Beginning as a biography about the Curies—the first people to ever win two Noble Prizes—it lays bare their childhoods, their fiercely intense love story, their scientific collaborations, and the way their toxic discoveries, which included radium and polonium, slowly poisoned them and ultimately caused their deaths. Expanding out from there, the book ranges through the inevitable consequences of their discovery of radium: the commercial, cultural, physical and spiritual.

In Radioactive we learn about radium-laced toothpaste, condoms, suppositories, cigarettes, pillows, bath salts, and even chocolate,. The book tours the Nevada Test Site and the thousand nuclear bombs that were tested there in just one year. It visits the Merry Widow Health Mine in Montana, where desperately ill Americans went to breathe radioactive air in the hope that it might cure them. And it even offers a meditation on Hiroshima that manages to indirectly shed light on more recent cultural phenomena like Three Mile Island, Chernobyl, and Fukushima.

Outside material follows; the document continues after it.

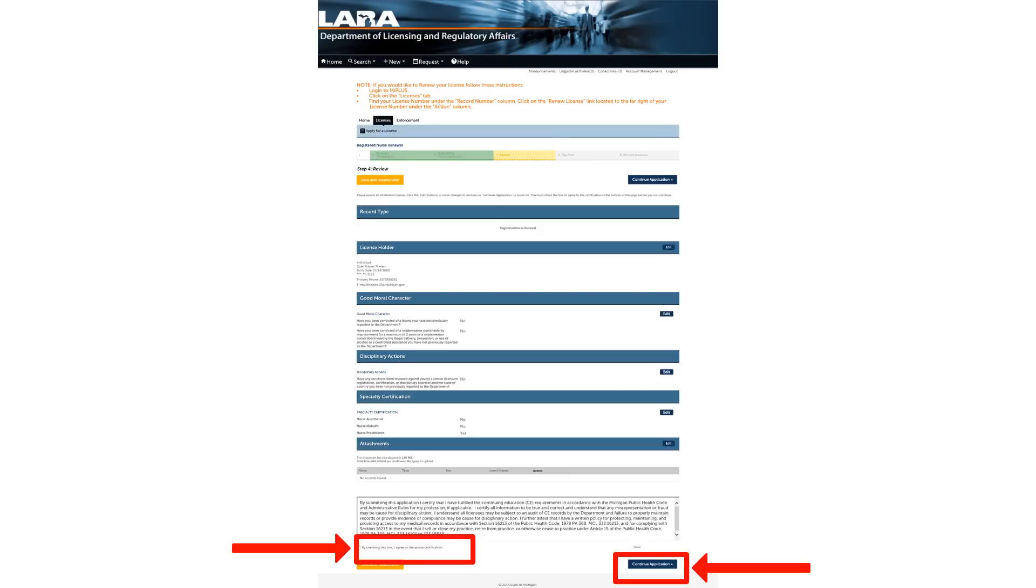Please review the information on this screen to make sure it is correct. If the information is correct, acknowledge the terms of the agreement by checking the box at the bottom left part of the screen, then click Continue Application at the bottom right of the screen.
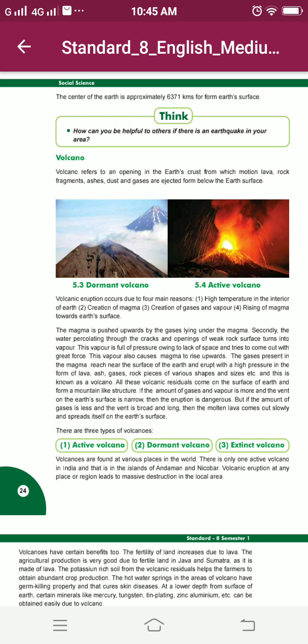All these volcanic residues come on the surface of the earth and form a mountain-like structure. If the amount of gases and vapour is more and the vent on the earth's surface is narrow, then the eruption is dangerous. But if the amount of gases is less and the vent is broad and long, then the molten lava comes out slowly and spreads itself on the earth's surface.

Indeed, both the charm and the horror of Radioactive is that, like its primary subject, its essayistic explorations radiate into wholly unexpected and thrilling places. Even the form of the book replicates its radiating content through a process called “cyanotype printing, in which a drawing is, through a chemical process that involves sunlight, turned into a kind of glowing negative of the original. As Redniss explains,

Cyanotype is a camera-less photographic technique in which paper is coated with light-sensitive chemicals. When the chemically treated paper is exposed to the sun’s ultraviolet rays, it turns a deep blue color. Photographic imaging was critical to both the discovery of X-rays and of radioactivity, so it made sense to me to use a process based on the idea of exposure to create the images in Radioactive.

She employed cyanotype printing, Redniss says, because she wanted to capture “what Marie Curie called radium’s ‘spontaneous luminosity.’”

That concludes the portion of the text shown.